Second, and more important, the laws of physics would no longer hold. At
least, the real laws of physics would no longer hold. There would exist a
different set of laws that took the shuffling into account, explicitly or implicitly,
and correctly described the shuffled spacetime.
So to us, the difference between the shuffled spacetime and the real one
would be gross. But what about the inhabitants? Could they tell the
difference? We are getting dangerously close to nonsense here — the
familiar nonsense of the common-sense theory of time. But bear with me
and we shall skirt around the nonsense. 
Of course the inhabitants could not
tell the difference. If they could, they would. They would, for instance,
comment on the existence of discontinuities in their world, and publish
scientific papers about them — that is, if they could survive in the shuffled
spacetime at all. But from our magical vantage-point we can see that they do
survive, and so do their scientific papers. We can read those papers, and
see that they still contain only observations of the original spacetime. All
records within the spacetime of physical events, including those in the
memories and perceptions of conscious observers, are identical to those in
the original spacetime. We have only shuffled the snapshots, not changed


them internally, so the inhabitants still perceive them in the original order.

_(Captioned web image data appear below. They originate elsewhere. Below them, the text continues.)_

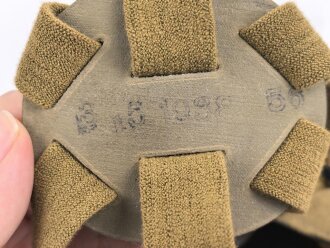 Luftschutz III.Reich, tschechische Gasmaske VZ35 , als Beute vereinnahmt und an den Luftschutz ausgegeben. Filtergewinde geändert für Deutschen Gasmaskenfilter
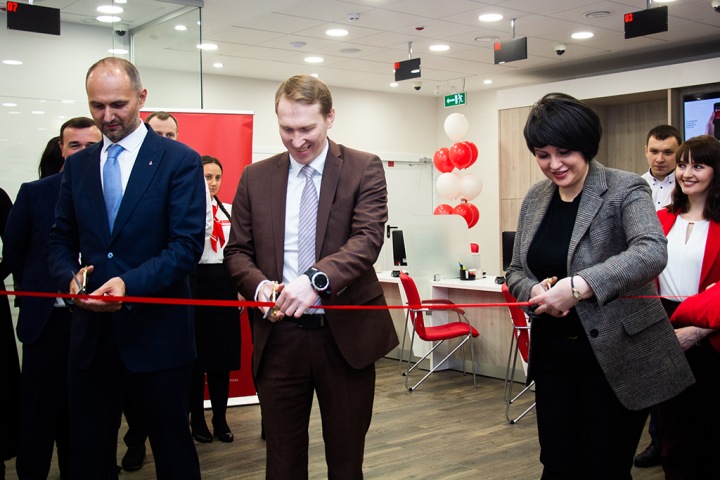 Альфа-Банк открыл юбилейное отделение в Новосибирске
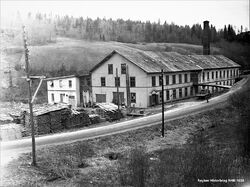 OLSVIK-SAMLINGEN. De gamle bygningene til Røken Klædesfabrikk i Åros. Bilde fra 1940-tallet. (Fotograf Kornelius Olsvik, Røyken Historielags billedsamling)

Thus in terms of real physics — physics as perceived by the spacetime’s
inhabitants — all this slicing up and re-gluing of spacetime is meaningless.

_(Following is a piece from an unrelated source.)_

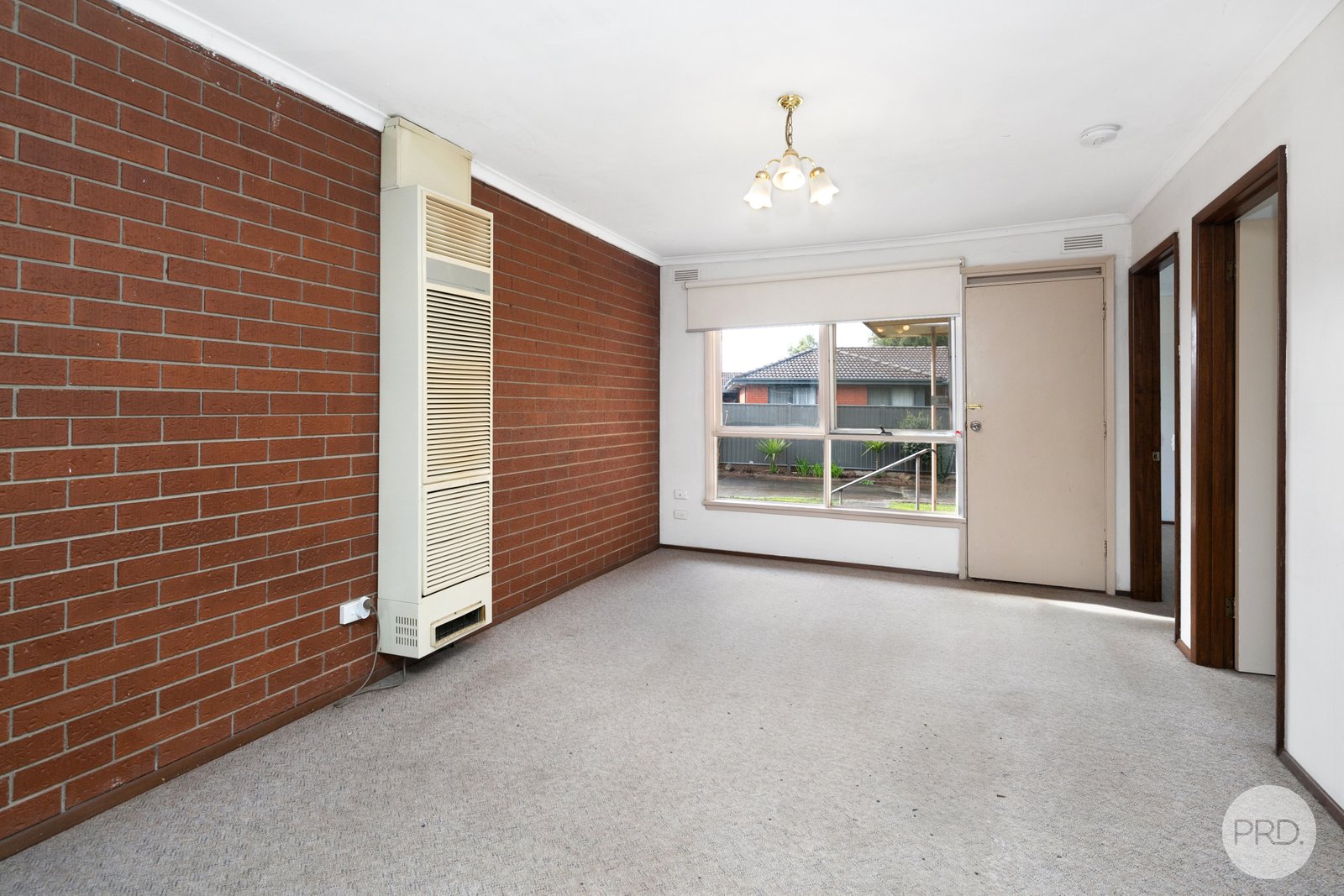 1/8 Christine Avenue ALFREDTON 2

Not only the shuffled spacetime, but even the collection of unglued-together
snapshots, is physically identical to the original spacetime. We picture all the
snapshots glued together in the right order because this represents the
relationships between them that are determined by the laws of physics. A
picture of them glued together in a different order would represent the same
physical events — the same history — but would somewhat misrepresent
the relationships between those events. So the snapshots have an 
intrinsic
order, defined by their contents and by the real laws of physics. Any one of
the snapshots, together with the laws of physics, not only determines what
all the others are, it determines their order, and it determines its own place in
the sequence. In other words, each snapshot has a ‘time stamp’ encoded in
its physical contents.
That is how it must be if the concept of time is to be freed of the error of
invoking an overarching framework of time that is external to physical reality.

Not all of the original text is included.